The most maligned World Series in recent memory caught lightning in a bottle Sunday night when Cleveland and Florida battled into extra innings in a Game 7 classic before the Marlins won it 3-2 in the 11th. Edgar Renteria’s single off Charles Nagy scored Craig Counsell with the Series-winning run.
Bobby Bonilla opened the 11th with a single to center and chugged around to third one out later when Tony Fernandez failed to come up with Counsell’s grounder. After an intentional walk to Jim Eisenreich loaded the bases, Devon White forced Bonilla at the plate on a grounder to second. Renteria took a strike, then lined Nagy’s second pitch into center field for the hit that gave the Marlins a World Series title in just their fifth year of existence.
Florida fought back from a one-run deficit to tie the game 2-2 in the last of the ninth inning on Counsell’s one-out sacrifice fly, and all of a sudden, no one outside of Cleveland was complaining about how long the game would go on.

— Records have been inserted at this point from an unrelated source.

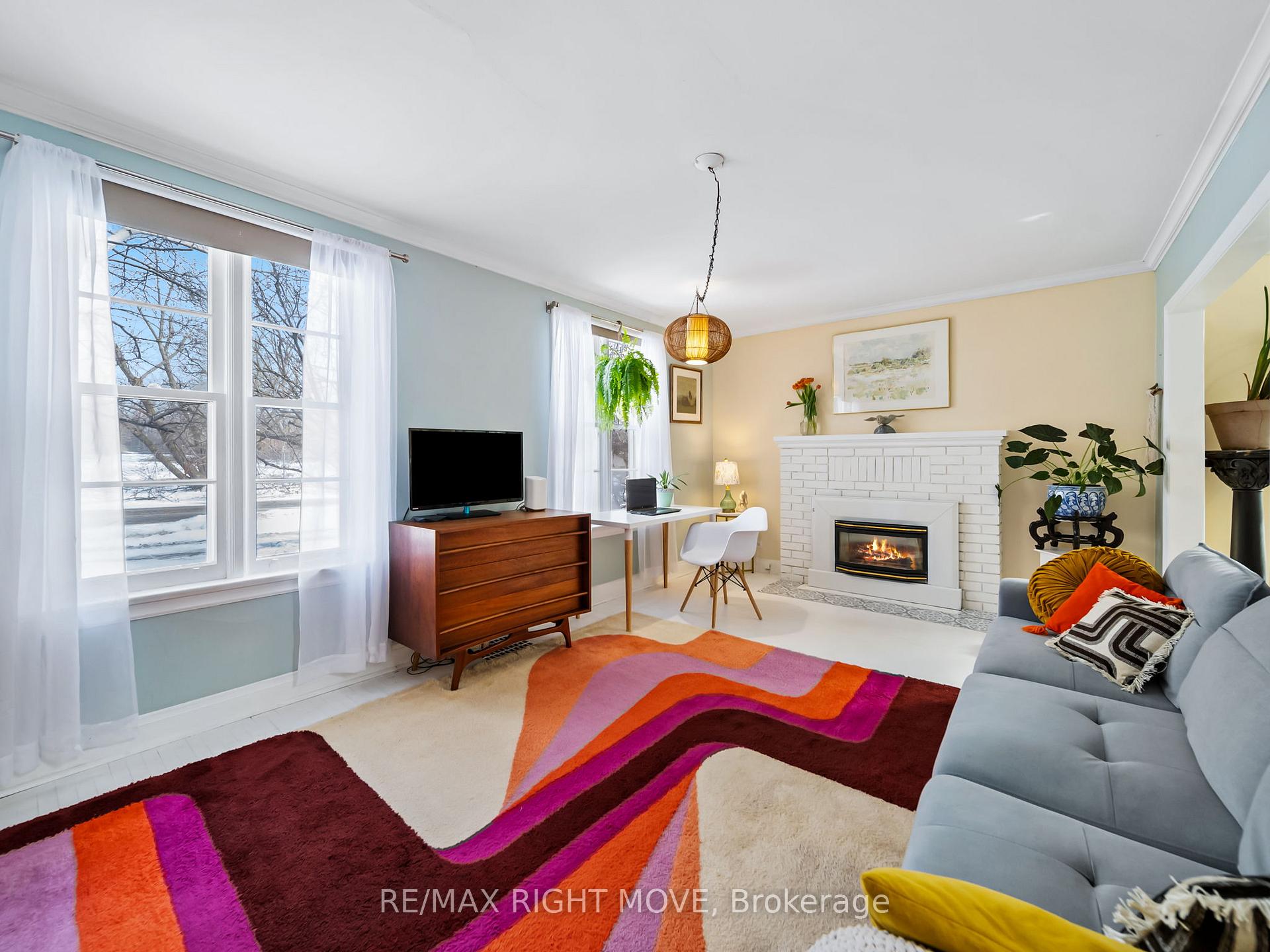 Photo 5 of 105 North Street E, Orillia — HOMEH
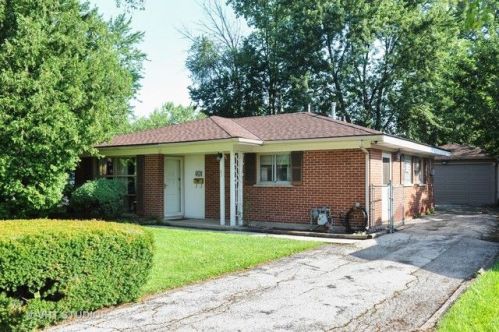 85 Dennis Rd, Wheeling, IL 60090-4609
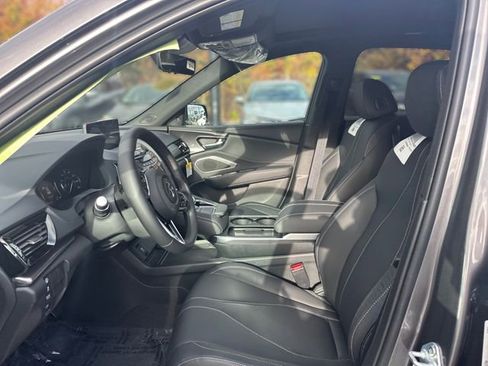 New 2025 Acura RDX SH-AWD image 11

Cleveland was two outs away from winning it all for the first time since 1948 when closer Jose Mesa blew a one-run lead in inimitable Cleveland fashion. After Moises Alou led off with a single and Bonilla struck out, Charles Johnson punched a single to right on a 1-2 pitch to put runners on the corners with one out. Johnson had been hitting .160 with two strikes on him.
Counsell then smoked a liner to right for a sacrifice to score Alou and tie the game, sending Marlins fans into delirium and sending the game into extra innings.
Jaret Wright, the Indians’ 21-year-old rookie, who began the season in Double-A, allowed one run on two hits in 6 1/3 innings, but was denied his second Series win when Mesa blew the save. Wright was a little sharper than veteran Florida left-hander Al Leiter, and his only mistake was giving up a solo home run to Bonilla leading off the seventh inning, cutting the Indians’ lead to 2-1.
The Marlins had Wright in trouble right off the bat in the first inning when Renteria doubled with one out and Gary Sheffield walked. Darren Daulton hit a sharp grounder to second that looked like a sure double play until Sheffield’s hard slide into second forced shortstop Omar Vizquel to eat the ball. But umpire Joe West ruled that Sheffield’s slide constituted interference–he slid into Vizquel instead of the second-base bag–and instead of runners at first and third and two outs, the Marlins’ inning ended.
The Indians scored two runs off Leiter in the third inning to grab a lead they would hold into the ninth. After a leadoff walk to Jim Thome and a Marquis Grissom single, Wright bunted the runners over. Fernandez, starting at second for the flu-weakened Bip Roberts, followed with a 2-run single.
After giving up Renteria’s one-out double in the first, Wright didn’t allow another hit until Bonilla’s homer in the seventh inning. The only real Marlins threat during the first six innings came with two outs in the sixth when right-fielder Manny Ramirez misplayed a Daulton fly ball into a three-base error, making an awkward sliding attempt to catch it and letting it get past him as the slow-footed Daulton chugged around the bases. But Alou popped up to center on Wright’s first delivery.
After Wright walked Counsell two batters after Bonilla’s homer, Cleveland manager Mike Hargrove opted to go with his experienced bullpen. It worked fine until Mesa entered in the ninth.
Florida closer Robb Nen gave up a one-out single to Fernandez in the top of the 10th, but struck out Ramirez and David Justice to end the inning. The Indians also had a runner aboard in the 11th, but Thome bounced into a double play to end the inning.